## Data-Oriented and ASyncIO

Reference

- https://towardsdatascience.com/data-oriented-programming-with-python-ef478c43a874/
- https://medium.com/velotio-perspectives/an-introduction-to-asynchronous-programming-in-python-af0189a88bbb
- https://realpython.com/python-async-features/

## Data-Oriented

A recap on Data-Oriented Programming by Yehonathan Sharvit (book published in 2022).
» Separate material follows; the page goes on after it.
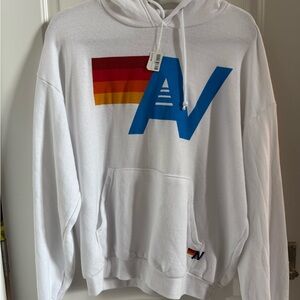 Aviator Nation White Hoodie with Blue and Multicolor Graphic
Book used JavaScript and Java, in this treatment Python is used

![DOD Book Cover](gfx/dod-book-cover.png)

Python is a hybrid of OOP and FP

### Principles are language-agnostic

1. Separate code from data in a way that the code resides in functions whose behavior does not depend on data that is encapsulated in the function’s context.
2. Data is represented with generic data structures, such as maps (or dictionaries) and arrays (or lists).
3. Data should never change! Instead of mutating data, a new version of it is created.
4. The expected shape of data (it's schema) is represented as (meta) data that is kept separately from the main data representation.

In [None]:
# Principle #1
from dataclasses import dataclass

# A natural way of adhering to this principle in Python is to use top-level functions (for code)
# and data classes that only have fields (for data).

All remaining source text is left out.